Payment of the Redemption Amount will be made to holders of Debenture Stock in certificated form by cheque within 5 business days of the Redemption Date. Payments of accrued interest up to and including the Redemption Date will be paid separately by Equiniti in accordance with Stockholders' normal instructions.

 

The Debenture Stock held in uncertificated form in CREST will automatically be redeemed and payment of the Redemption Amount will be made through CREST within 5 business days of the Redemption Date. Payment of accrued interest up to and including the Redemption Date will be paid to Stockholders in accordance with Stockholders' normal instructions.

 

The ISIN will be disabled for settlement in CREST at 6.00 p.m. on 31 May 2019. All redeemed Debenture Stock will be cancelled.

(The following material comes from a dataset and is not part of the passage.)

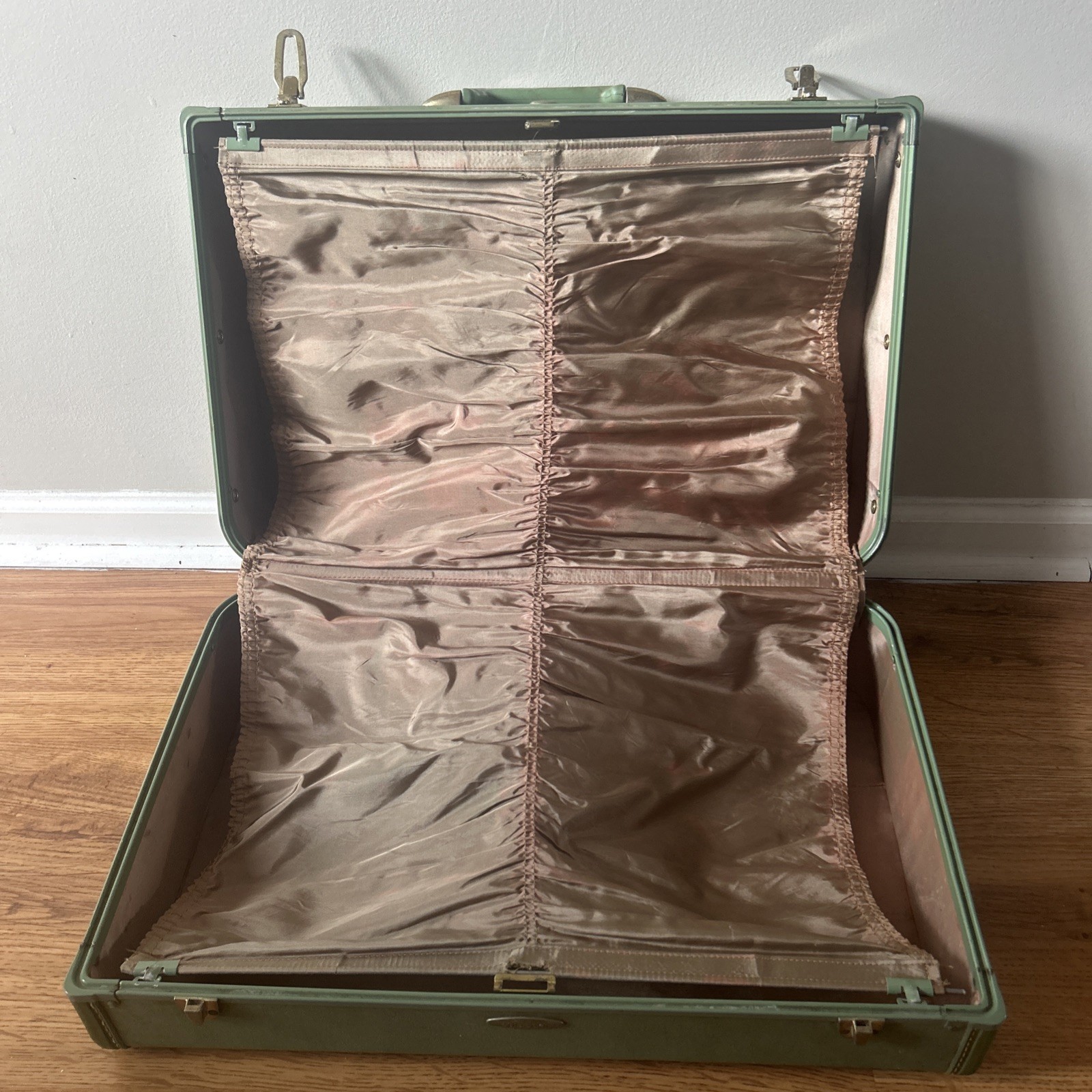 Vintage 1950s Taperlite Green Leather Suitcase Approx L 21 x W 14 x H 7 No Key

The Company will be requesting that the listing of the Debenture Stock on the Official List of the UK Listing Authority and its trading on the Main Market of the London Stock Exchange is cancelled with effect from 7.30 a.m. on 4 June 2019.

 

 

Enquiries:        Asset Value Investors Ltd

                        020 7659 4800

 

 

Notes:

The information contained within this announcement is deemed by the Company to constitute inside information as stipulated under the Market Abuse Regulation (EU) No. 596/2014. Upon the publication of this announcement via a Regulatory Information Service this information is now considered to be in the public domain.